RCMP have laid charges in connection with the disappearance of 12-year-old Monica Jack and 11-year-old Kathryn-Mary Herbert, who have been missing since the 1970s.
Garry Taylor Handlen, 67, has been charged with two counts of first-degree murder. He was arrested on Friday in Surrey and is scheduled to appear in court on Dec. 8.
Jack was last seen riding her bike on May 6, 1978 near Nicola Lake. Her body was found in June 1995, north of Merritt.
Herbert disappeared in 1975 while heading to her Abbotsford home. A few months later her body was found on Matsqui First Nations property. In 2012, mother Shari Greer offered a $10,000 reward for information that would lead to an arrest.
The cases eventually landed on the desks of investigators from Project E-PANA, formed to look into the unsolved Highway of Tears cases, and the Provincial Unsolved Homicide Unit.
WATCH: New details about Garry Taylor Handlen’s past are emerging and police in other provinces are reopening old files. Catherine Urquhart reports.
Officers refused to provide specifics of what led to the breakthrough, saying they brought Handlen into custody without incident in Surrey, B.C., although he no longer lives in the province.
Supt. Ward Lymburner, the officer in charge of the special projects unit, said three decades of investigation by multiple police forces combined to pinpoint the same suspect.
He described Handlen as having travelled extensively through B.C. and Alberta at the time and released his photograph from that era, asking the public to come forward with tips if it jogs any memories. He said the man previously lived in Lower Mainland and has a criminal record.
“He was brought into the investigation as a suspect or person of interest in the investigation early on,” Lymburner said.
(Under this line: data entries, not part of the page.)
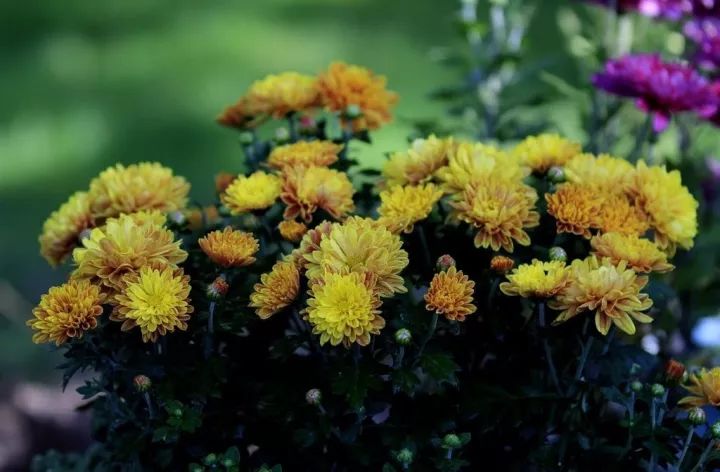 《不第后赋菊》唐·黄巢待到秋来九月八,我花开后百花杀.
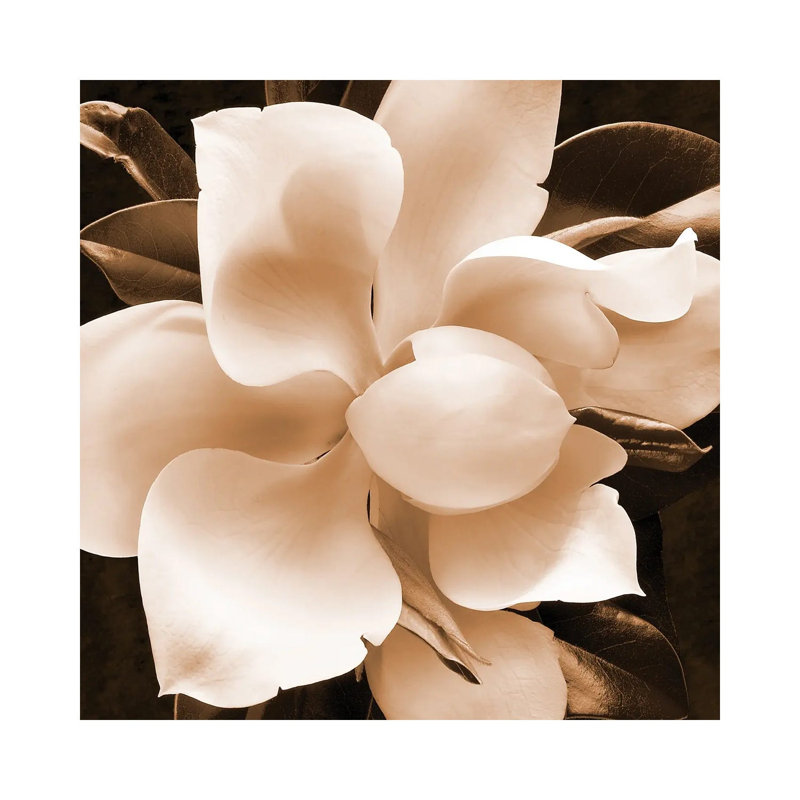 Sepia Magnolia II by Christine Zalewski - Wrapped Canvas Print, 93.98 cm H x 93.98 cm W x 1.91 cm D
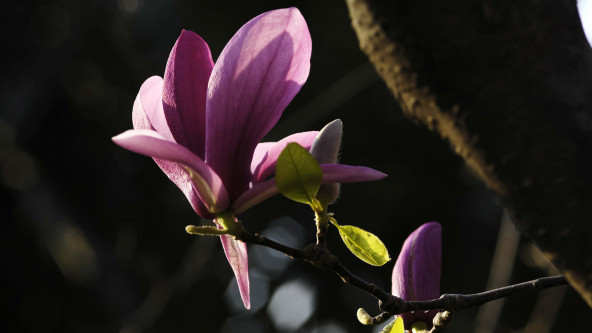 Seehauserfoto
“It has taken us this long for us to gather the evidence needed to satisfy the courts to bring him forward on charges today.”
Both mothers spoke of their loss at today’s press conference.
“No matter what happens and no matter what you do in your life, that hurt never goes away,” said Jack’s mother Madeline Lanaro.
“I will forever hear my heart break,” said Greer. “By the way, there is no such thing as a cold case to the families, nor is there closure,”
“I want you to know these little girls, Monica and Kathryn-Mary, made a difference in the world while they were here.”